WHAT YOU ARE ASKED TO DO -
Output exactly, and only, the stretch of lines beginning at the line with "Container - 250 ct" and ending at the last line of the listing below. Drop the pictures.

-------- DATA SHOWN --------

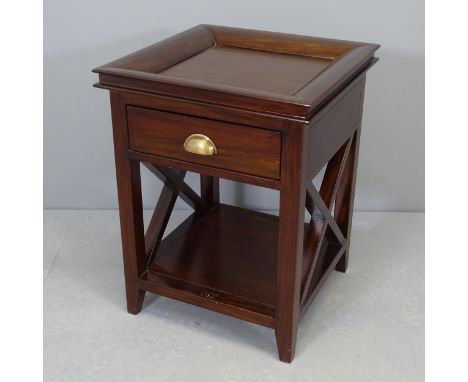 A modern oriental style mahogany square lamp table with inset top, single drawer and shelf under. 46x60cm 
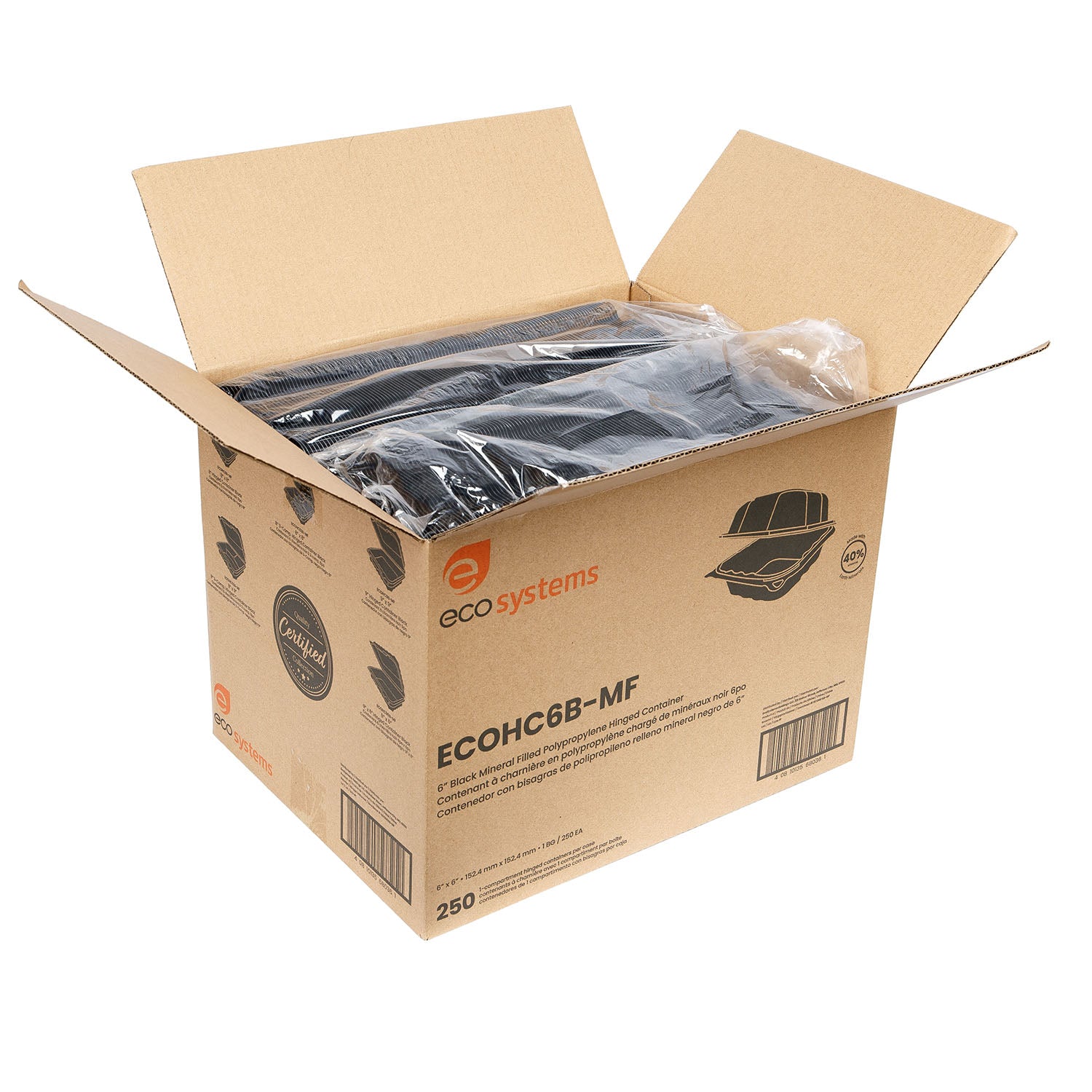 EcoSystems 6"x6" Black Mineral Filled Polypropylene Hinged Container - 250 ct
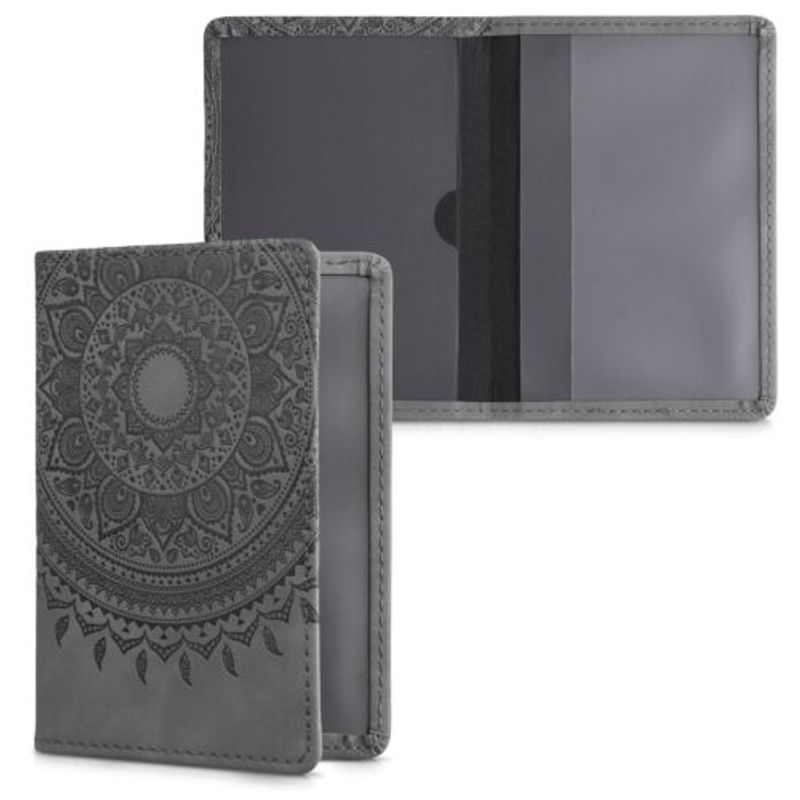 Carti si Birotica - Birotica - Accesorii de birou - Accesorii arhivare - Husa pentru documente auto, Kwmobile, Gri, Piele ecologica, 51695.13 - Infinity.ro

--------

RESPONSE TO THIS TASK -
 EcoSystems 6"x6" Black Mineral Filled Polypropylene Hinged Container - 250 ct
 Carti si Birotica - Birotica - Accesorii de birou - Accesorii arhivare - Husa pentru documente auto, Kwmobile, Gri, Piele ecologica, 51695.13 - Infinity.ro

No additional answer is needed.